Give the lines below again, exactly as they stand, and leave out the images.

DATA FOR ANALYSIS:
***

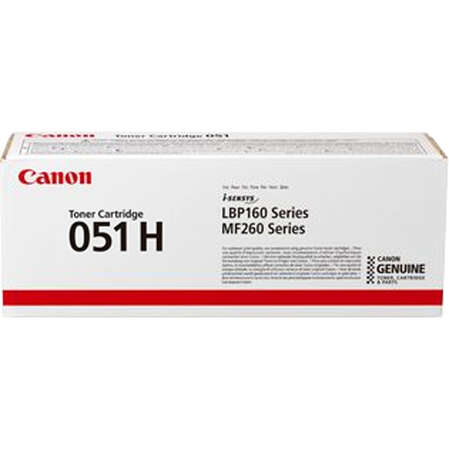 Картридж Canon 051H Black для Canon LBP162dw/MF264dw/MF267dw/MF269dw (4100стр.)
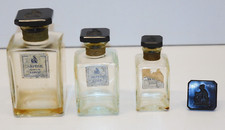 -3 FLACONS ANCIENS VIDES
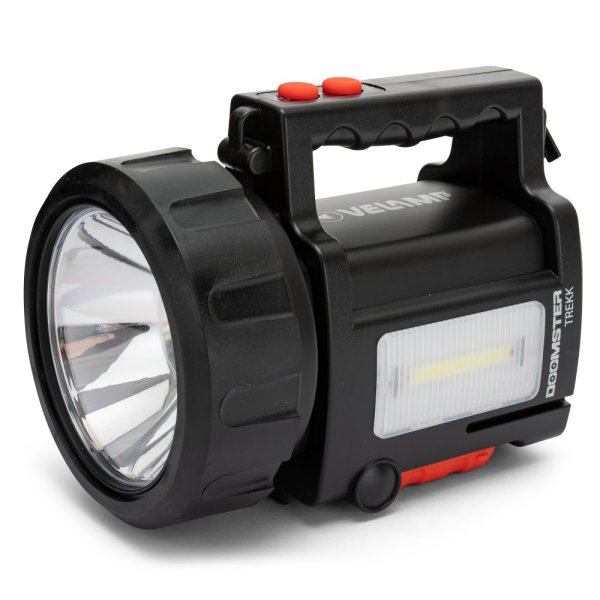VELAMP IR666-10W Nabíjací LED reflektor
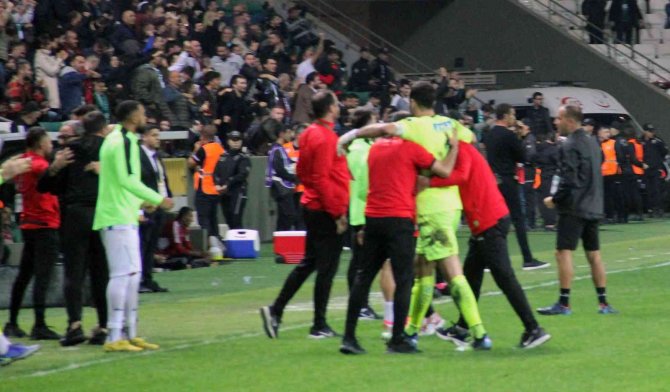 Spor Toto Süper Lig: Giresunspor: 0 - Beşiktaş: 1 (Maç Sonucu)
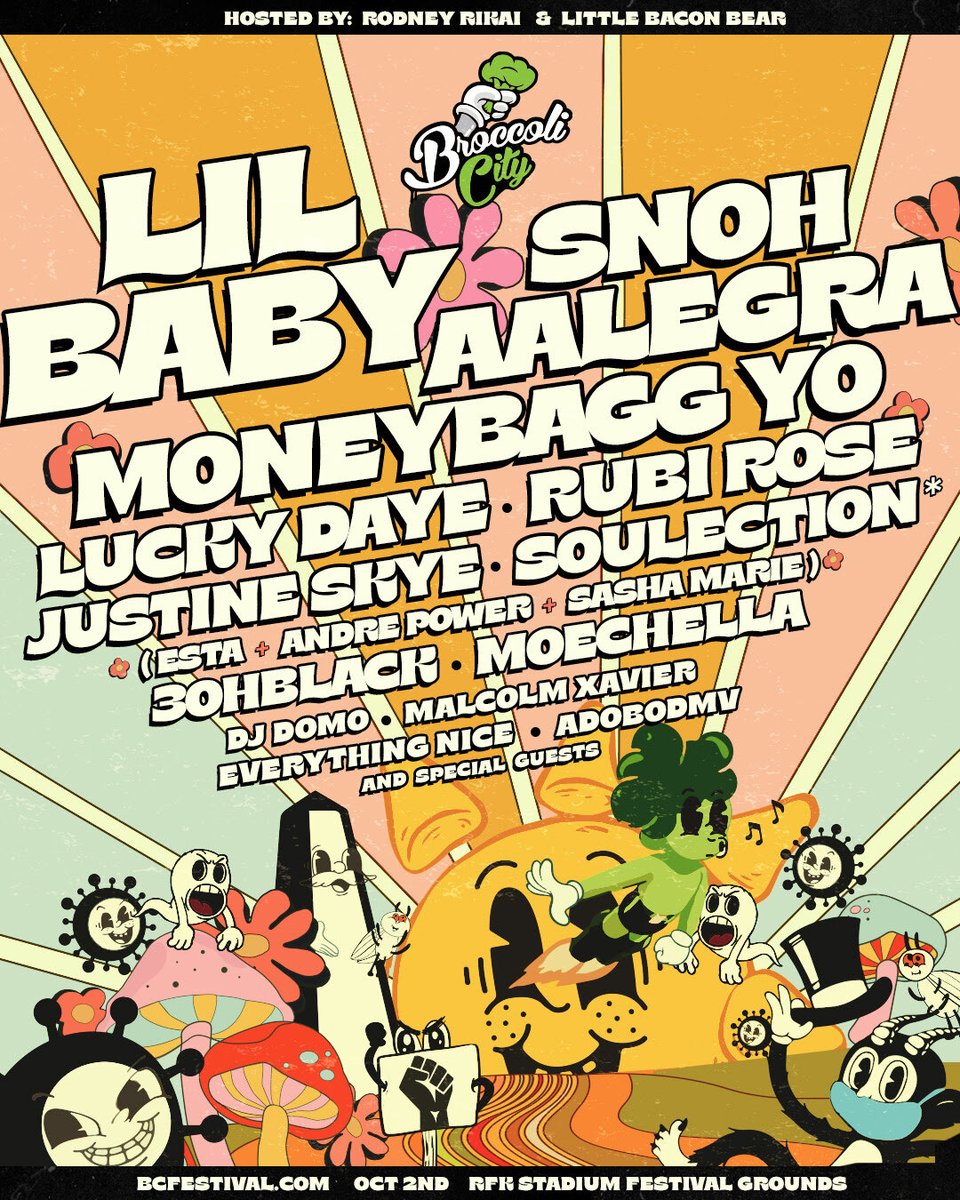 MadisonHouseApt's tweet image. Looking for something fun to do with your friends? The Broccoli City Festival is ON at RFK Stadium! Hop on Metro (5 mins walk) and make your way to see the featured acts.  #DCLiving #MadisonHouse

***

ANSWER FOR THE TASK:
 Картридж Canon 051H Black для Canon LBP162dw/MF264dw/MF267dw/MF269dw (4100стр.)
 -3 FLACONS ANCIENS VIDES
VELAMP IR666-10W Nabíjací LED reflektor
 Spor Toto Süper Lig: Giresunspor: 0 - Beşiktaş: 1 (Maç Sonucu)
 MadisonHouseApt's tweet image. Looking for something fun to do with your friends? The Broccoli City Festival is ON at RFK Stadium! Hop on Metro (5 mins walk) and make your way to see the featured acts.  #DCLiving #MadisonHouse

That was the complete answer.